Task objective | A verbatim copy is needed of the lines below from the one containing "Feeling cute thought" up to and including the one containing "LYNXMPEG9P14U.jpg,Un grupo de", excluding pictures.

Record extracts |
#####
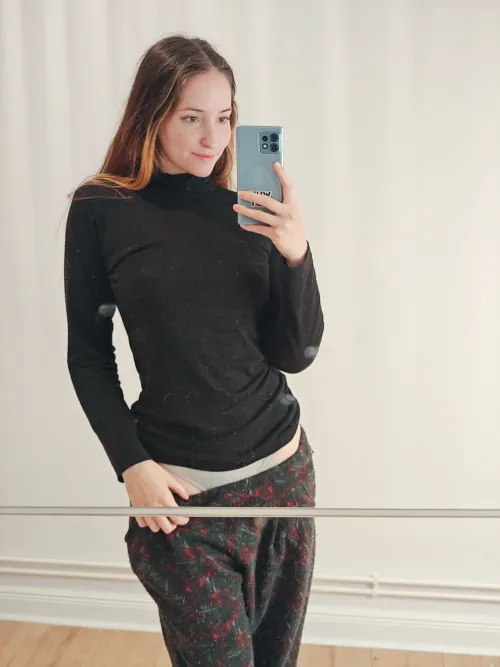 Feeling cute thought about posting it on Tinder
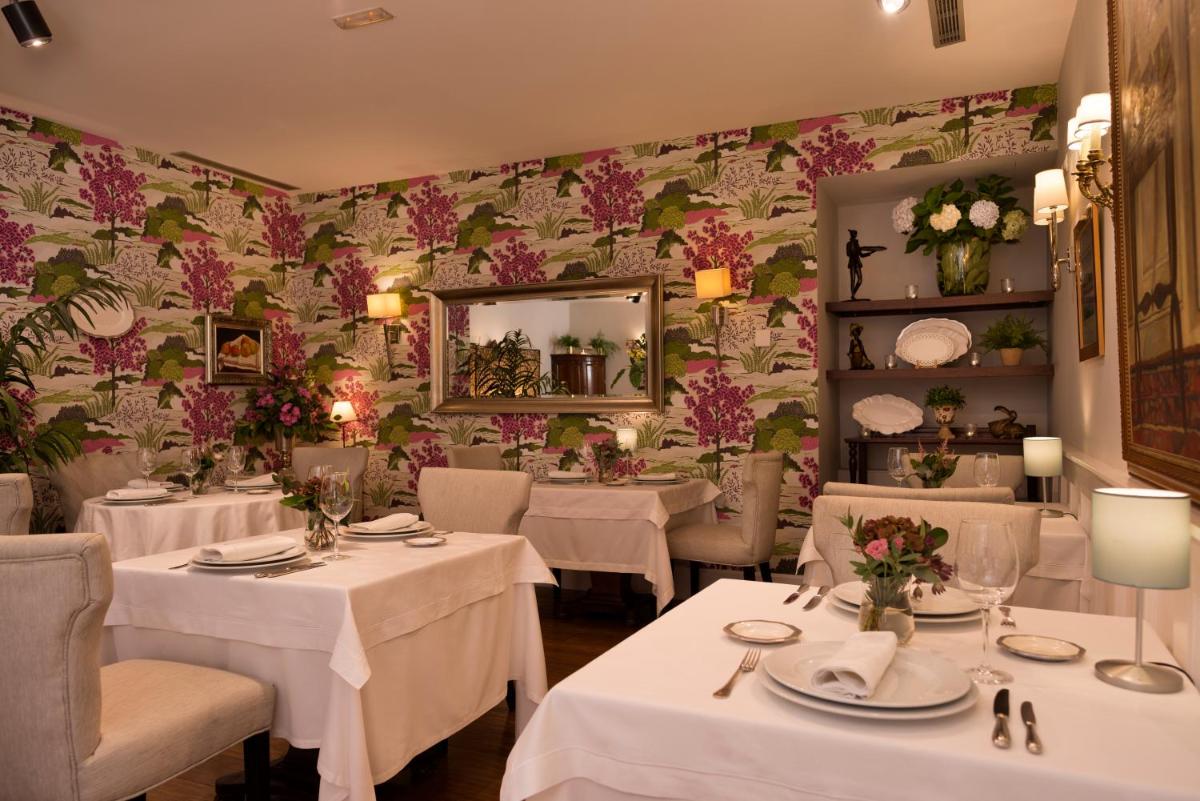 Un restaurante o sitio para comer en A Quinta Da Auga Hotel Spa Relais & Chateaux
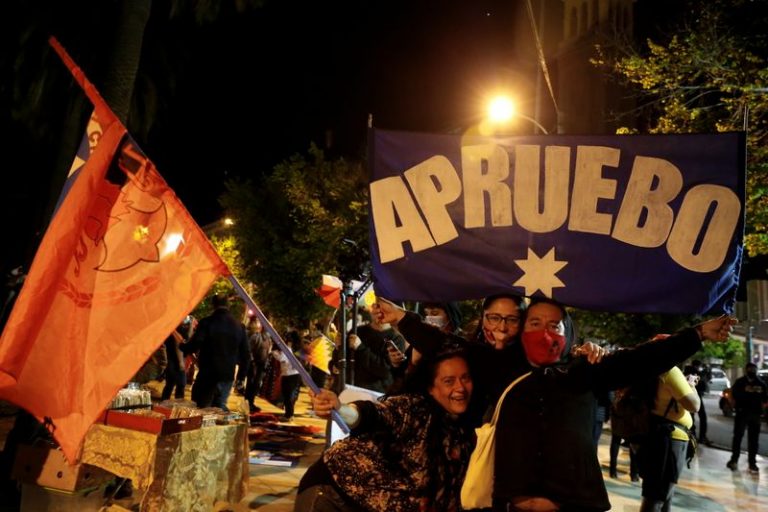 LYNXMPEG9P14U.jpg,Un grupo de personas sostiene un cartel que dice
#####
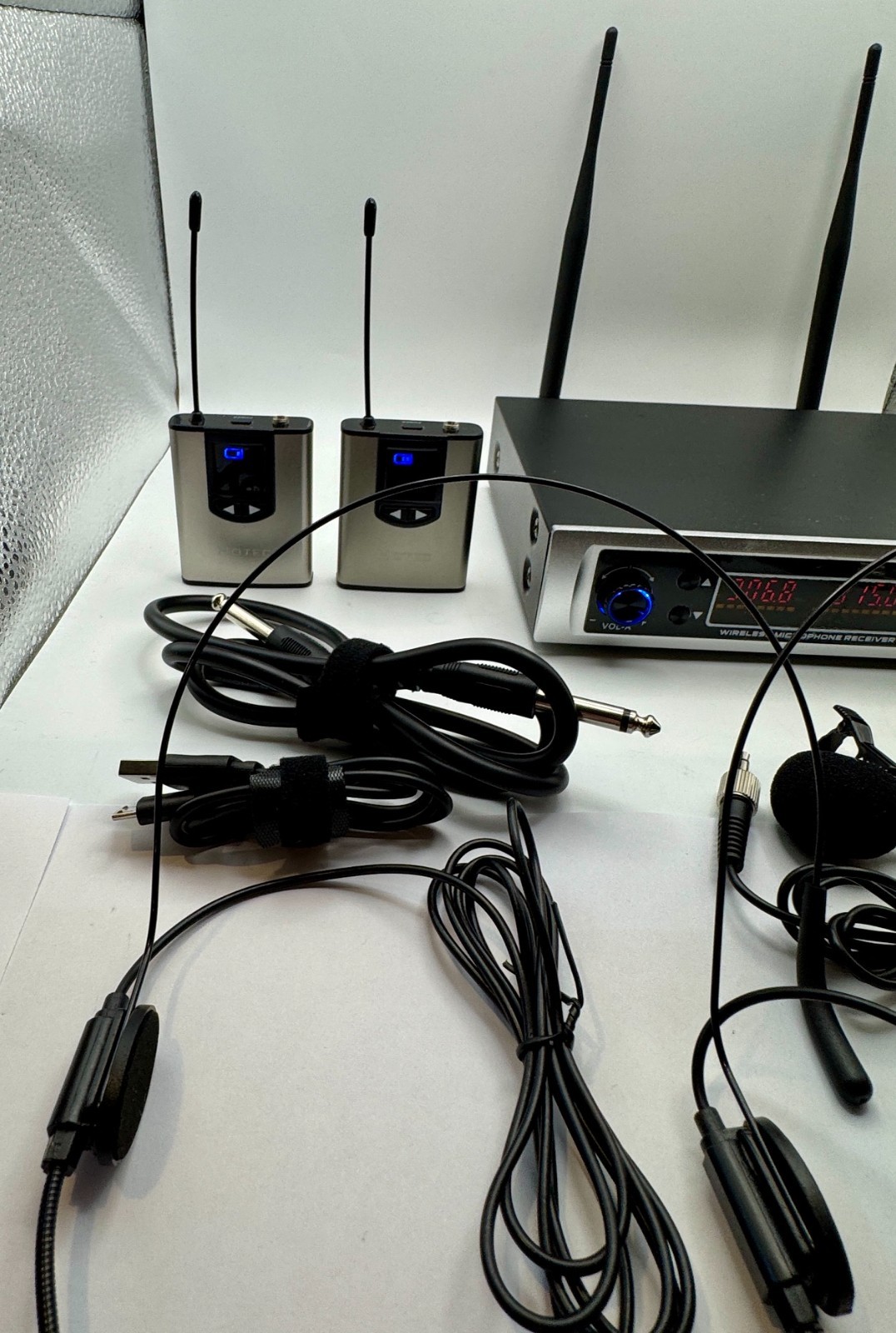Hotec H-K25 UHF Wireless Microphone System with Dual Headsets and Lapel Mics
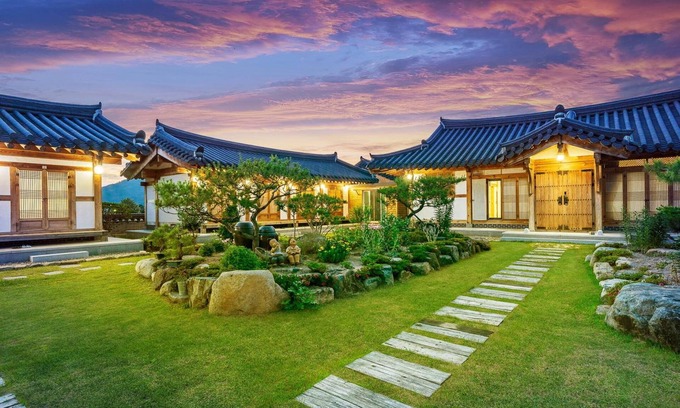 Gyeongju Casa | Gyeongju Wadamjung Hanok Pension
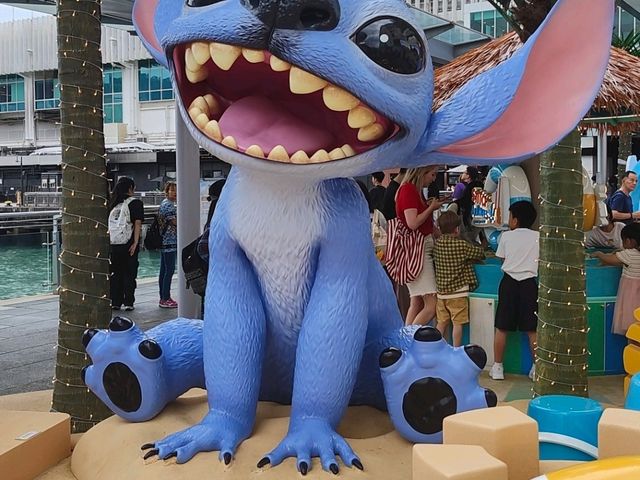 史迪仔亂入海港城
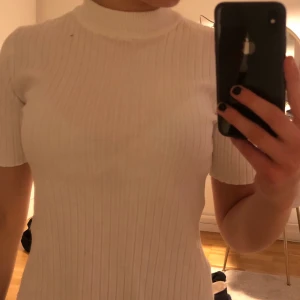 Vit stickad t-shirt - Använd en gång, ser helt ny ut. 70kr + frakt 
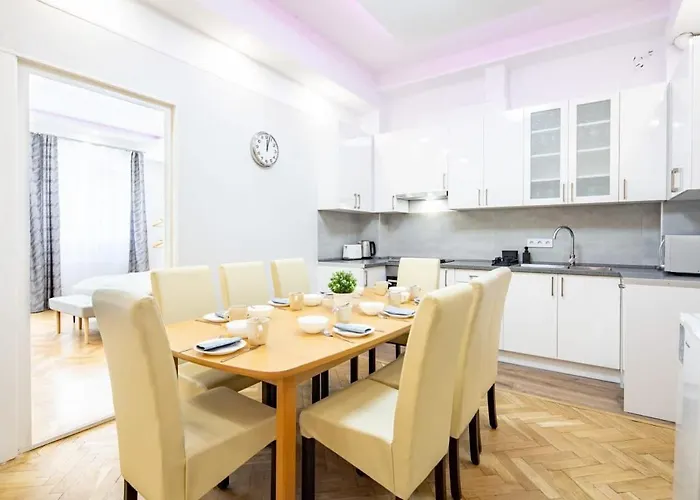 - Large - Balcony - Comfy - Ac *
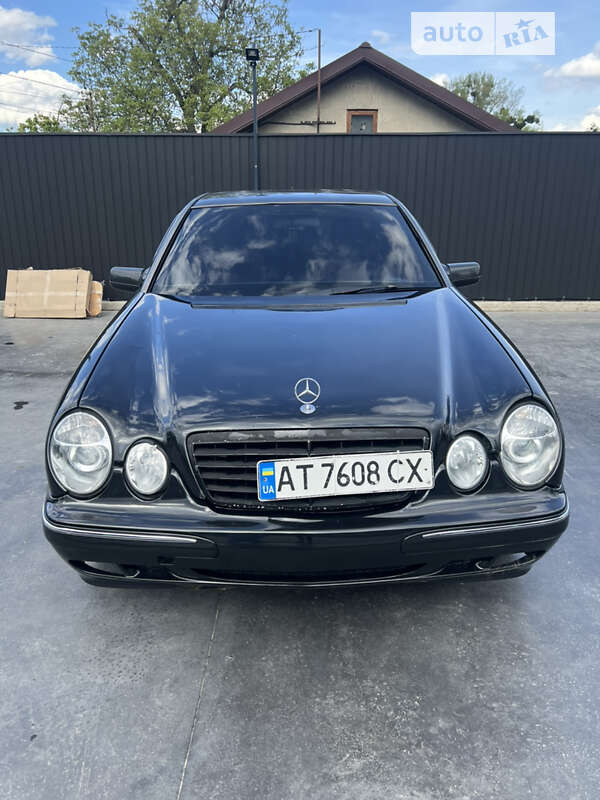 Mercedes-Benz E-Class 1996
#####
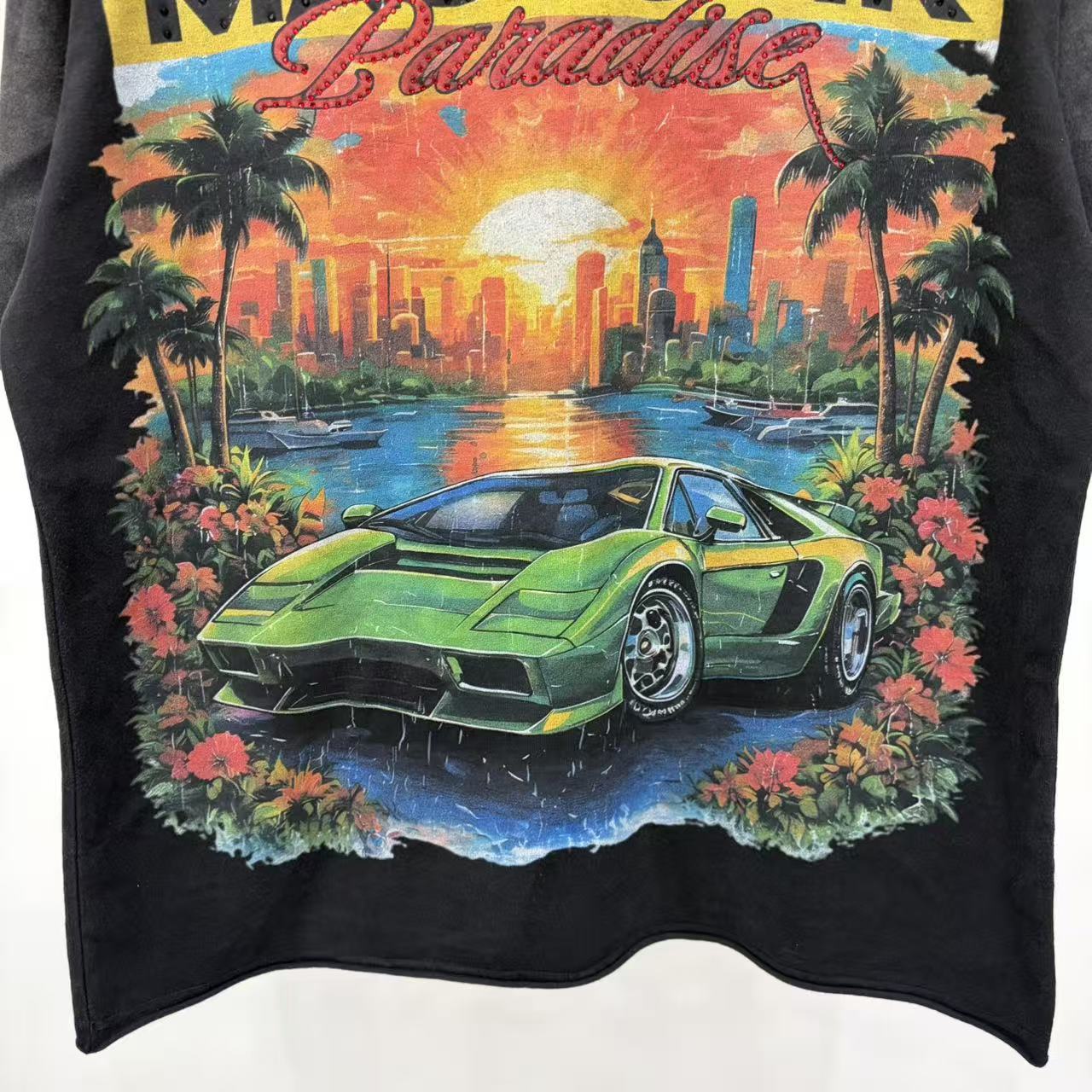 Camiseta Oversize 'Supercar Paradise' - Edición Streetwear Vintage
#####
Output below |
 Feeling cute thought about posting it on Tinder
 Un restaurante o sitio para comer en A Quinta Da Auga Hotel Spa Relais & Chateaux
 LYNXMPEG9P14U.jpg,Un grupo de personas sostiene un cartel que dice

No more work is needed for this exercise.